Paris Vagabond by Jean-Paul Clébert
A much-needed new translation of one the great post-war French novels, even if it seems to contain little fiction. As one of the best books ever written about the French capital, Paris Vagabond takes its place alongside those other 20th century dreambooks – Le Paysan de Paris, Tropic of Cancer, Last Nights of Paris, Julian Green’s Paris, etc. – that make a world of that city, and one endlessly amenable to examination.

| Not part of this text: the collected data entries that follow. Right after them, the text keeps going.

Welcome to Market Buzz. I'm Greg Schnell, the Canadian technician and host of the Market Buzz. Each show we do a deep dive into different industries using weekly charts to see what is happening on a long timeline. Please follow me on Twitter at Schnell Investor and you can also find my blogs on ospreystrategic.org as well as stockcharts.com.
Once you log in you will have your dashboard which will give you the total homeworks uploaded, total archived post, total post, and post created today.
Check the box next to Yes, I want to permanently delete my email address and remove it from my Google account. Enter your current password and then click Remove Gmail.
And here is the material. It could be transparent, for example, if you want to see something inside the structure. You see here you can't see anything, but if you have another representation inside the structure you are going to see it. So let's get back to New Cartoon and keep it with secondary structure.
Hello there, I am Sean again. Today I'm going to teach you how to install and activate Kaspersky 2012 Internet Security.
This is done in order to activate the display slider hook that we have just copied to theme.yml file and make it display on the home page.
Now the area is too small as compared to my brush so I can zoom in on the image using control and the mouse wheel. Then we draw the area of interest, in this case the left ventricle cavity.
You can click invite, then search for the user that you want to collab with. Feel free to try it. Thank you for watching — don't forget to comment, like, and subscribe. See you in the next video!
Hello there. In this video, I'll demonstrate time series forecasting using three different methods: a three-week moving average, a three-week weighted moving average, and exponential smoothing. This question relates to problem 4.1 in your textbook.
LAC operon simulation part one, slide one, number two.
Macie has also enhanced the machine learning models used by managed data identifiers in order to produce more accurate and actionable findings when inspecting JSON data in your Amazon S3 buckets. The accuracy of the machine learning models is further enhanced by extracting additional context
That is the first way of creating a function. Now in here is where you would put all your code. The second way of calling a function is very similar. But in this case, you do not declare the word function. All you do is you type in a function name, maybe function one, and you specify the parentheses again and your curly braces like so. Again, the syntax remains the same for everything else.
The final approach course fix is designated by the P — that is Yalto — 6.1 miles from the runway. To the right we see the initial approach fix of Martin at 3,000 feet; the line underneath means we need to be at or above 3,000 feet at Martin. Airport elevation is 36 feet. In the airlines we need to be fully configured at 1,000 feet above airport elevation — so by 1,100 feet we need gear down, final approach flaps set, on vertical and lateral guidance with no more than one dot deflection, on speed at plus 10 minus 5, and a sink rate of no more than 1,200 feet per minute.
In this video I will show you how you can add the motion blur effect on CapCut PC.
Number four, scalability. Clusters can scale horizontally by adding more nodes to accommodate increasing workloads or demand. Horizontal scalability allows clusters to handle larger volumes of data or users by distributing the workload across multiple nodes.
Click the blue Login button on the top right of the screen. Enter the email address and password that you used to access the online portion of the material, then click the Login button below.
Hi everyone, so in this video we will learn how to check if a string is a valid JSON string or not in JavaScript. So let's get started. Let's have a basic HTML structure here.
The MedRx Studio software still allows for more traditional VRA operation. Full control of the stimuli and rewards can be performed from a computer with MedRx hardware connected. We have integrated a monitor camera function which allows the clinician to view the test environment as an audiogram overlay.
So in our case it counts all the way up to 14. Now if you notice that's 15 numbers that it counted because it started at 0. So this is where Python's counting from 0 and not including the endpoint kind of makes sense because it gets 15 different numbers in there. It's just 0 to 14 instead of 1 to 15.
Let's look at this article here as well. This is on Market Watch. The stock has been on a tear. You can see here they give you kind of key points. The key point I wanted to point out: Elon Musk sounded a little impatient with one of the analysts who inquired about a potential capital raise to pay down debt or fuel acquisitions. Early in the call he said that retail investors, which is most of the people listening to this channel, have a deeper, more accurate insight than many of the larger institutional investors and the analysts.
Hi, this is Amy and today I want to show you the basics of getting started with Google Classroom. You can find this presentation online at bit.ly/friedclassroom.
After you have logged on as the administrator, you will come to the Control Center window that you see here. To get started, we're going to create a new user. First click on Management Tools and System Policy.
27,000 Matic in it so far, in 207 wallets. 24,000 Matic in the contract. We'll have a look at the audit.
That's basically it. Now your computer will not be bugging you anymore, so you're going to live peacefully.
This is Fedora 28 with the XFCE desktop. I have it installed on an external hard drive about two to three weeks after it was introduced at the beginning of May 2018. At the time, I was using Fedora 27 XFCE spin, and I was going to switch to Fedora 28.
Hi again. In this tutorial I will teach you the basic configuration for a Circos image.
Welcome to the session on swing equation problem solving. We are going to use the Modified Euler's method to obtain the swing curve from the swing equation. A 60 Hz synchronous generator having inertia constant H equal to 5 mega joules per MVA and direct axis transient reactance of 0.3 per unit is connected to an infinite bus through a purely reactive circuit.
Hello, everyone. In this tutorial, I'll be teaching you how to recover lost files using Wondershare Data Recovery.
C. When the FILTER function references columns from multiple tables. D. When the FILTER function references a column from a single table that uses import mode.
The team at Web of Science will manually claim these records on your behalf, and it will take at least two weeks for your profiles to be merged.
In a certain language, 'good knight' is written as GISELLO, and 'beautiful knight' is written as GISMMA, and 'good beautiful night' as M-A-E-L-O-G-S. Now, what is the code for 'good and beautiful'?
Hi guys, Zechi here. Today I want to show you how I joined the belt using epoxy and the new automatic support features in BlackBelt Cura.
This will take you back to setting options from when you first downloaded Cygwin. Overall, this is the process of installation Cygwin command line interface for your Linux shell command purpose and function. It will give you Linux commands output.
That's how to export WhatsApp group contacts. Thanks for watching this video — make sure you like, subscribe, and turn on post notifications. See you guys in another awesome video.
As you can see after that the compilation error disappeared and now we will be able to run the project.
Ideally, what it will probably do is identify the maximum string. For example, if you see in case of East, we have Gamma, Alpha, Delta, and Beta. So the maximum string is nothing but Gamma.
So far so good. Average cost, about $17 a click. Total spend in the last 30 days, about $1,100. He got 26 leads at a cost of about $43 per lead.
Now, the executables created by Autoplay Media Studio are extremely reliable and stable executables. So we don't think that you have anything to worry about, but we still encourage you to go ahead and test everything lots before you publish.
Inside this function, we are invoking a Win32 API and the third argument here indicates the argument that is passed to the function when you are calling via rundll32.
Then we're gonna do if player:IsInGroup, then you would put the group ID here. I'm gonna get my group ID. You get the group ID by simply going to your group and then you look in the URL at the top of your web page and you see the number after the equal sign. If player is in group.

Clébert’s book is an assemblage of various notes made during and about his time on the streets of Paris – time spent not, he makes clear, as a mere flâneur, strolling full-bellied along the boulevards, but as a genuinely destitute vagabond living day to day in the city’s underbelly. They’re reports from a side of Paris that even then was ‘gradually disappearing, like a grease spot being vigorously rubbed out’ and which now is gone almost entirely. But the book’s documentary aspect (enhanced by the simple, clear-eyed photography of his friend Patrice Molinard, included in this edition), though valuable, is not the reason it will endure. What’s truly remarkable about Paris Vagabond is its proximity to life; its fidelity to and celebration of lived experience. Almost every one of its rolling, seemingly spontaneous, conversational paragraphs is filled with a kind of unfeigned awe at simply being alive, even when that life consists of hardship and brutality that most of us could barely imagine.